De otra parte, la referencia de Ramos Allup al peligro de la participación militar en política, recibió una destemplada respuesta del General Padrino, Ministro de la Defensa, de que el papel no deliberante de la Fuerza Armada es cosa del pasado. Qué despropósito. Cómo se atropella la Constitución y se debilita o expone más a la institución armada, como garante que es de la soberanía nacional y de la constitucionalidad. Buenos artículos han escrito al respecto Carlos Raúl Hernández y el General (r) Carlos Peñaloza, quien defiende la denominación de la Fuerza Armada Nacional prevista en la Constitución, sin el agregado de bolivariana, pues conlleva una fuerte connotación política.
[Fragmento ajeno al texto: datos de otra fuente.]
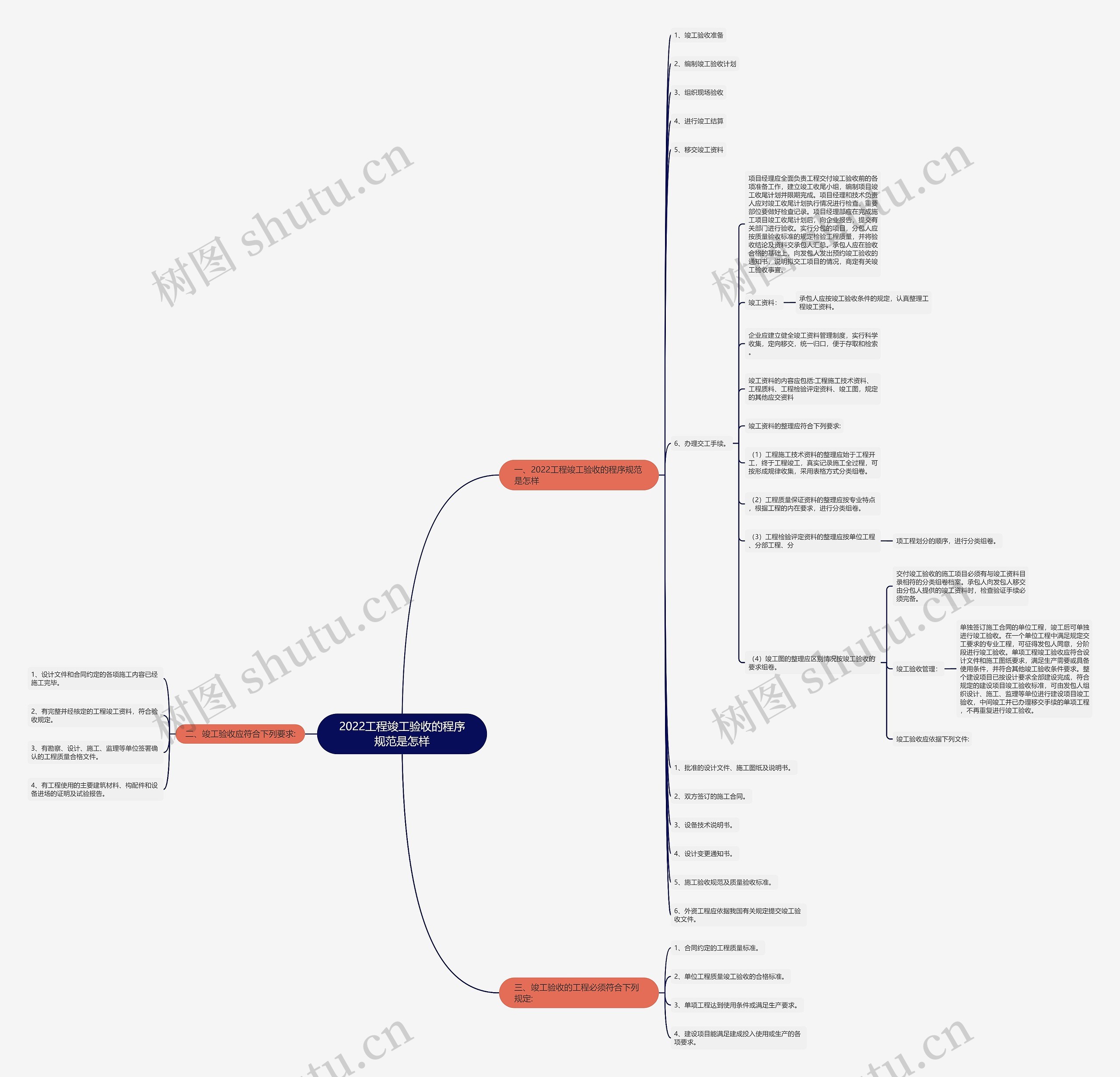 2022工程竣工验收的程序规范是怎样思维导图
Fue triste escuchar la irracional declaración del Comandante General de la Armada, Almirante Montplaisier, de que ahora más que nunca son bolivarianos y chavistas, en lugar de luchar por unas FAN pulcras, institucionalistas e independientes de ideología política alguna.
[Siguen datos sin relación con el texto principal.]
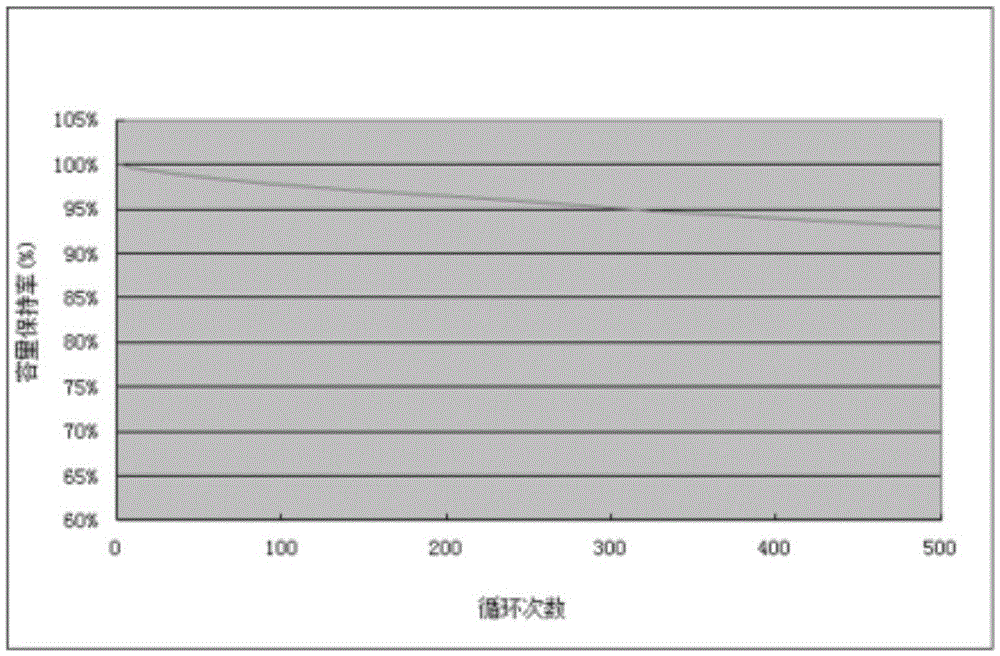 Graphite negative electrode material of lithium-ion battery and preparation method of graphite negative electrode material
En suma, se configura un panorama complejo e incierto, ante el cual la comunidad internacional debe seguir vigilante. Valga destacar la reciente y valiosa segunda carta dirigida por el Secretario General de la OEA Luis Almagro al Presidente Maduro, en la cual defiende su ineludible obligación de vigilar por los principios de la Carta Democrática de la OEA, denunciando nuevas violaciones del régimen venezolano al Estado de Derecho. Y así mismo, la digna y solidaria actuación del ex Presidente de Colombia Andrés Pastrana y de otros ex gobernantes en favor de la libertad en Venezuela. Quiera Dios que la obcecación del gobierno en desconocer las reglas del juego, no lleve al país por un camino de confrontación de la mano de una camarilla de fanáticos, o al decir de un conocido psiquiatra venezolano, de psicópatas que ejercen el poder sin pudor, pretendiendo perpetuarse en el mismo. De ser así, el soberano, al que tanto se invoca y que se expresó inequívocamente el 6D, sabrá exigir cambios aún más profundos, y como tales, impredecibles.   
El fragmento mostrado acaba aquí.